El documento prohibía las publicaciones y las reuniones, disolvía los sindicatos marxistas y exhortaba a los obreros a que mantuviesen una actitud patriótica de acatamiento. Para infundir confianza en sus hombres, les aseguró también que las tropas del general Mola se encontraban ya en San Rafael, por lo que no tardarían en llegar a la capital. Desde el punto de vista militar, Fanjul propuso a los oficiales sacar a las tropas a la calle de forma coordinada con las unidades de Carabanchel, con las que había intentado ponerse en contacto a través del heliógrafo, puesto que los teléfonos estaban intervenidos.

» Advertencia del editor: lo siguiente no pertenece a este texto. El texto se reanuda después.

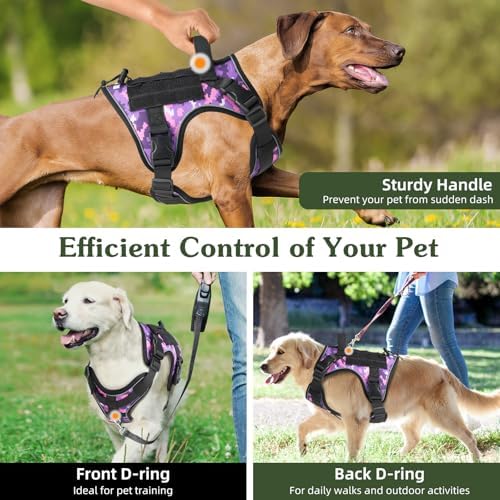 VavoPaw Heavy Duty Tactical Dog Harness for Large Dogs, No Pull Adjustable - Image 5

Gracias a este instrumento de señales telegráficas, los jefes de la Montaña y Carabanchel acordaron que, a las cuatro de la madrugada del día 20, iniciarían una serie de acciones conjuntas con el objetivo de bombardear los aeródromos en poder del Gobierno. Fanjul, que solo contaba con un millar de hombres, incluidos sus dos hijos, recibió antes la ayuda de un nutrido grupo de afiliados a la Falange; en total, 186 jóvenes que pronto se vistieron con el uniforme militar. A las dos de la madrugada, según explica Morcillo, les levantaron de la cama para hacer una barricada en la puerta principal. Y al amanecer vio un avión lanzando pasquines al patio, en los que pudo leer a escondidas el siguiente llamamiento: «Soldados, no obedezcáis las órdenes de vuestros jefes, porque el Gobierno os ha licenciado».
Los primeros disparos
Fanjul había sido informado poco antes de que no podrían utilizar las dos piezas de artillería de 7,5 centímetros por tener los frenos descargados; una avería que nadie había tenido la precaución de solucionar en los días anteriores, a pesar de los rumores sobre el posible golpe de Estado. También se encontraban en el cuartel los cuarenta y cinco mil cerrojos de otros tantos fusiles que el coronel Serra se había negado a entregar a los republicanos, y, en los almacenes, setecientos mil cartuchos, cuarenta ametralladoras y quince morteros más.
Poco después se produjeron los primeros intercambios de disparos, en los que murieron tres cenetistas. Al enterarse, el Gobierno mandó a la zona varios vehículos blindados, así como tres compañías de asalto y dos de la Guardia Civil. Los guardias de asalto tomaron posiciones en las azoteas próximas al cuartel, mientras se levantaban barricadas y se colocaban algunos altavoces para comunicarse con los amotinados. Estos, a su vez, tomaron sus propias medidas preventivas: las ventanas fueron protegidas con sacos terreros, se colocaron ametralladoras en el piso superior y las aberturas fueron tapadas con colchones y chapas metálicas. Al llegar la noche, el alumbrado público no se encendió ni dentro ni fuera de las instalaciones. El líder socialista Indalecio Prieto imprimió unas octavillas para ser lanzadas sobre el edificio, al tiempo que enviaba dos cañones al principio de la calle Ferraz y movilizaba a los voluntarios que se iban concentrando en la plaza de España.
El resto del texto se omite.